Février 2024
Selon certaines théories cherchant à expliquer l’épidémie d’obésité, des caractéristiques de l’alimentation actuelle, telles que sa densité énergétique ou son degré de transformation, la rendraient plus attrayante et conduiraient à la surconsommation alimentaire. Toutefois, cette hypothèse n’a pas été rigoureusement testée jusqu’ici. Constatant cette lacune, l’équipe de Peter Rogers de l’Université de Bristol au Royaume-Uni a imaginé une étude virtuelle visant à caractériser certains déterminants de notre attrait pour les aliments.
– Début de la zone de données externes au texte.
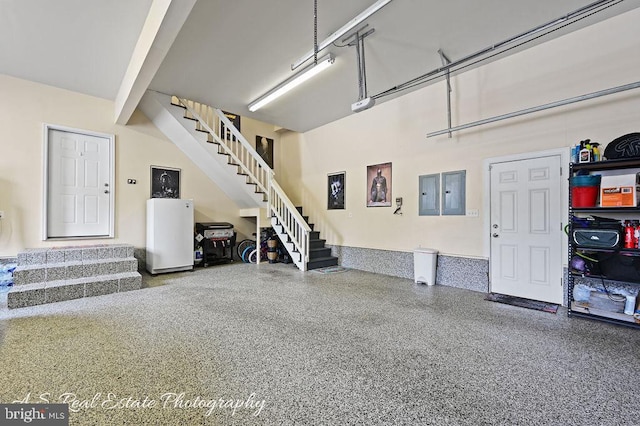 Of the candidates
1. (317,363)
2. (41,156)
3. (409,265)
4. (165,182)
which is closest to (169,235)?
(165,182)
Les chercheurs ont ainsi testé l’effet de trois facteurs suspectés de moduler l’appréciation (liking) et la satisfaction attendue (reward) pour des aliments :
- (1) la densité énergétique,
- (2) le degré de transformation (selon la classification NOVA [1] ) et
- (3) l’équilibre du ratio glucides/lipides des aliments.
Pour cela, 224 participants (140 femmes et 84 hommes, 35 ans en moyenne) ont été aléatoirement répartis en trois groupes exposés à des images d’aliments variant selon l’un de ces trois facteurs (ex : groupe 1 exposés à des images d’aliments variant en termes de densité énergétique, etc.). Pour chaque aliment, les participants devaient imaginer goûter une bouchée de l’aliment puis noter sur une échelle allant de 0 à 100 leur degré d’appréciation (liking) et leur degré de désir pour l’aliment (cette dernière mesure étant ici utilisée pour rendre compte de la satisfaction attendue, ou reward).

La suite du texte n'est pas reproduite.